Everybody that follows the payments industry knows that there is a massive albatross that hovers over every innovation that comes to the market: PayPal. In its mind, there is no realm of payments that PayPal cannot conquer and control. The company chafes when other payment innovations, like Square or the Google Wallet, gain press acclaim. PayPal is almost never first to the market with payment innovations and it does not think it needs to be. The company watches how the market evolves, takes a step back and releases similar offerings, trusting to its brand name and ubiquity to cover the cost.

That is precisely what PayPal has done with its new mobile payments system, PayPal Here. It has all the innovation of a three-day old muffin. Instead of a “Square,” it is a triangle. PayPal Here also puts credit card scanners Jumio and Card.io have also been put on notice. Going forward, can PayPal rely on its brand name to create a payments empire or will its arrogance eventually lead it to a path of ruin?

In a blog post, PayPal says, “So, you’re asking, how is this different from other small business mobile payment solutions? The key differentiator is that it comes from PayPal, a trusted brand in the online payments industry with more than 100 million customers around the globe and years of proven payment innovation … .”

Reading PayPal press releases and blog posts is an exercise in patience. If there is a more passive-aggressive technology company, readers would be hard pressed to find it.

PayPal Here is the company’s first foray into the mobile credit card reading space. It will have a dongle (the triangle) and the ability to scan a credit card using a smartphones camera. As mentioned above, these innovations are nothing new. Square created the dongle space and Jumio and Card.io both have scanning apps that have been available since 2011 (note: PayPal does use Card.io internally). There are a variety of other companies that play in the dongle space including Intuit, Verifone, Erply and PayAnywhere.

The dongle companies that PayPal seems to have emulated the most are Square and Intuit. PayPal Here is a direct response to Square’s Card Case and Register and no touch payments systems. It is also going after Intuit whose strengths is its financial management system and offers a dongle with its GoPayment offering. PayPal thinks it can differentiate itself with a 2.7% interchange rate (1.7% with a PayPal debit card) but as we have seen in the market, mild swings of interchange have not affected which companies ultimately succeed (well, not until we get to the mystical land of “interchange zero”).

“I am not sure if its a winning strategy to go after the Square market with a 0.05% reduction in interchange alone, whereas the appeal of Square to small merchants seems to be the simplicity of its offering and its vision of looking beyond our current obsession around payments. When Square is clearly focusing on Card Case, Paypal’s strategy here seems to more of playing catch up to Square and enabling entry for its card reader in to international markets, something Square has not attempted yet,” said Cherian Abraham, principal analyst of Drop Labs.
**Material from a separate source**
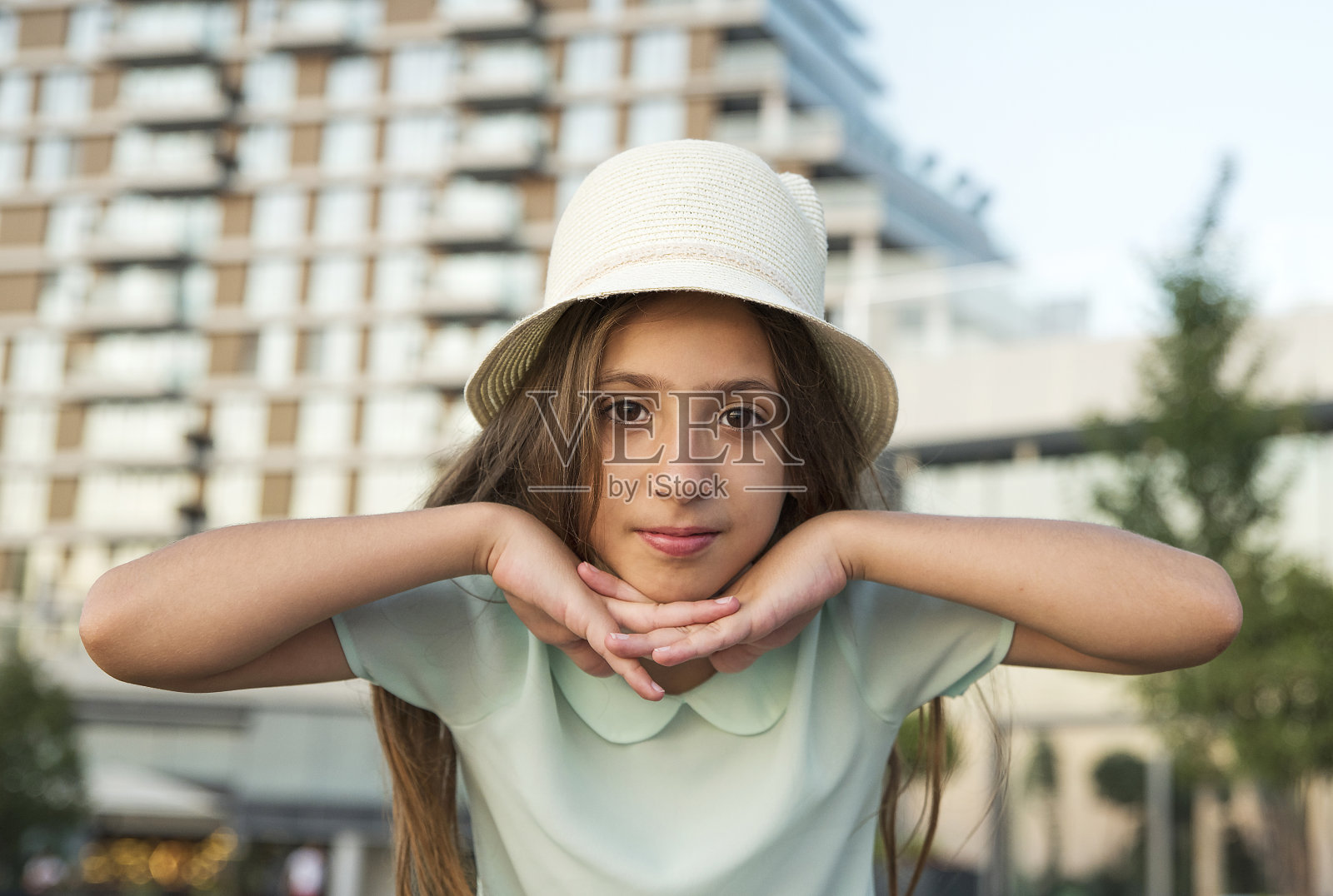 户外肖像一个可爱有趣的女孩与帽子照片摄影图片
In an interview last October, PayPal’s head of mobile products, Laura Chambers, said that neither dongles nor NFC would affect the company’s lead in the mobile payments space.

“We are not worried about much in the ways of competition,” Chambers said at CTIA in San Diego last October. “There is a lot of white space in the industry for horizontal movement.”

PayPal Here is what Chambers was referring to when talking about the white space in the industry. PayPal’s move through the white space of mobile payments can be seen through the acquisitions that it has made in the last several years. It acquired shopping engine Milo, local search and recommendations startup Where, mobile shopping and scanning app RedLaser, online payments company BillMeLater, carrier billing company Zong, and commerce and interactive marketing services tools through GSI Commerce. PayPal obviously finds it easier and more efficient to acquire services than build them itself.

While PayPal may not be incredibly innovative when it comes to mobile payments, it really does not need to be. Payments are not an area of technology where first movers have an incredible advantage. Square may be the first company to enter the dongle space and it has defined the market, but it also has a lot of competition on its hands from several corners of the industry. Google has not seen any significant traction with its Wallet program and may ultimately be superseded in NFC by the carriers (through Isis) and the transactions giants like MasterCard, Visa and American Express. What we are fundamentally talking about is changing the way people pay for things and that takes time to develop infrastructure and educate users on new ways to commit transactions.

So, PayPal remains on its plodding course through the mobile payments industry. It has positioned itself in such a way that it will never fall fully behind the pack, even if it is not leading it. That goes for the possible revolution created by near field communications (NFC). While it does not yet have any distinct ball in that market (outside of its peer-to-peer payments through smartphones) you better believe that it will be ready if NFC ever becomes a ubiquitous model.

Will PayPal’s approach lead to ultimate success in the market? There is no simple answer to that question. PayPal believes that the breadth of its platform can conquer all. The competition sees it as an also-ran, albeit one with a massive user base. As the race unfolds, we will see who gains the upper hand.